### ASSIGNMENT
Whenever a line below mentions the word "Loving", that line should be copied.

Caption-style text data
=== Begin Enclosure ===

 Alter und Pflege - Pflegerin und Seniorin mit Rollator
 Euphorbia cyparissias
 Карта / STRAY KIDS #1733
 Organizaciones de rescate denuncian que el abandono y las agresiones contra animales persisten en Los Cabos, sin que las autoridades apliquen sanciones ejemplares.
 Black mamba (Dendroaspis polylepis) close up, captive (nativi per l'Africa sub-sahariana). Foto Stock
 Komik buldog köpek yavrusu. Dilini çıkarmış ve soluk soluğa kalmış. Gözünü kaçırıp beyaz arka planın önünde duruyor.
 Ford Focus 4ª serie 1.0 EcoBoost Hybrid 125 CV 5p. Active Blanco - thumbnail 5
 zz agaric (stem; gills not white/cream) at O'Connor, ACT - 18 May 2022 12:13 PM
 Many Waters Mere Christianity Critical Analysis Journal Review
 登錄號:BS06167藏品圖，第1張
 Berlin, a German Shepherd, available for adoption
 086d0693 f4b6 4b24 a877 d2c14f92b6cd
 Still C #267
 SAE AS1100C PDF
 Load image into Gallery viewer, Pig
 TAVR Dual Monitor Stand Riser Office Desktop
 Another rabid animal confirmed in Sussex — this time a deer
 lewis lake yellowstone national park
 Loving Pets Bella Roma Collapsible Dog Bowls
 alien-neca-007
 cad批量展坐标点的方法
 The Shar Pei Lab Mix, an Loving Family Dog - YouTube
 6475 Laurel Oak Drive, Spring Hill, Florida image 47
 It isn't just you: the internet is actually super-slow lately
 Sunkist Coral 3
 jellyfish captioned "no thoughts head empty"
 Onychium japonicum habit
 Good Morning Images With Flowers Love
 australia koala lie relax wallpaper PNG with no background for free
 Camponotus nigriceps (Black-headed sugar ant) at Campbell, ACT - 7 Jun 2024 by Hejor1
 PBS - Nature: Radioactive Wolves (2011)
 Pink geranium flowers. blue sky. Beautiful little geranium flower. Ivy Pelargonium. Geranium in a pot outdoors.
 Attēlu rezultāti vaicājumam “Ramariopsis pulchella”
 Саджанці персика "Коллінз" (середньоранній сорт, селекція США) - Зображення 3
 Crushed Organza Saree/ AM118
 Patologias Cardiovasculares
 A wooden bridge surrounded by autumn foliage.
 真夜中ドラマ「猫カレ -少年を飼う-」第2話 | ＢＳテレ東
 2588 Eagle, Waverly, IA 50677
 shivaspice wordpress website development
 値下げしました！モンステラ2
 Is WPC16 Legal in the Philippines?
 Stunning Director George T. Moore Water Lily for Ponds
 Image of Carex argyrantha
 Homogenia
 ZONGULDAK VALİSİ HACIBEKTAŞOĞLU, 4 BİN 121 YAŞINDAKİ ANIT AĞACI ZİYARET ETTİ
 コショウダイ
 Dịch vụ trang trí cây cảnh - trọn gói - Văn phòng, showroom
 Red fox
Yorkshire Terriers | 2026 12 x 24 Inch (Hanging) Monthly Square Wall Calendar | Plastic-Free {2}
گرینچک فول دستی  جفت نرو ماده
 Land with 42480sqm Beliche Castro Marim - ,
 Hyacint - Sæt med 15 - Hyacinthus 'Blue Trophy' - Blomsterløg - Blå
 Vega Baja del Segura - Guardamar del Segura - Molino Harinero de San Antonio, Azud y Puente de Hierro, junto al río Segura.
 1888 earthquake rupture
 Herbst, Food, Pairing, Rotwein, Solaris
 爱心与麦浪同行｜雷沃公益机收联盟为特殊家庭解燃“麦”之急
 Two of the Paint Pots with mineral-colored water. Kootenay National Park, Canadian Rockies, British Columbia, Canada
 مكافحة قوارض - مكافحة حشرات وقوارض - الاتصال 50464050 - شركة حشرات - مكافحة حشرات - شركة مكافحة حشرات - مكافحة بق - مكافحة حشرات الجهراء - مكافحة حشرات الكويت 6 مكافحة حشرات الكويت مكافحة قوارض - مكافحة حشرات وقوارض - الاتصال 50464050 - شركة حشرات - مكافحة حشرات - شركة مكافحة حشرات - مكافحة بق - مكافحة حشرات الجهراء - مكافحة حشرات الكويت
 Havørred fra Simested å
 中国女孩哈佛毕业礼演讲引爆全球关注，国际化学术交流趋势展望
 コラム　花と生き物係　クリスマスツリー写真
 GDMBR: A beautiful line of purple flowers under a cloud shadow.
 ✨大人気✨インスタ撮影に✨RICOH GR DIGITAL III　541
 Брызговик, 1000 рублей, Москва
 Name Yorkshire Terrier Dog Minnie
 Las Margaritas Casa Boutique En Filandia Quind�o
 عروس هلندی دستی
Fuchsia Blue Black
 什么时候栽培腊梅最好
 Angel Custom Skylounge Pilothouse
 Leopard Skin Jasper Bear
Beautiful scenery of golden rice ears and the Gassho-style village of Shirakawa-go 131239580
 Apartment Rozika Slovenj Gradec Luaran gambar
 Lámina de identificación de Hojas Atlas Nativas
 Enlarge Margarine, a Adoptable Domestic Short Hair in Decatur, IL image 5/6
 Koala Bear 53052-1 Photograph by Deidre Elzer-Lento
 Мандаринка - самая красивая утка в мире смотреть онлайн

=== End Enclosure ===

### WRITTEN ANSWER
 Loving Pets Bella Roma Collapsible Dog Bowls
 The Shar Pei Lab Mix, an Loving Family Dog - YouTube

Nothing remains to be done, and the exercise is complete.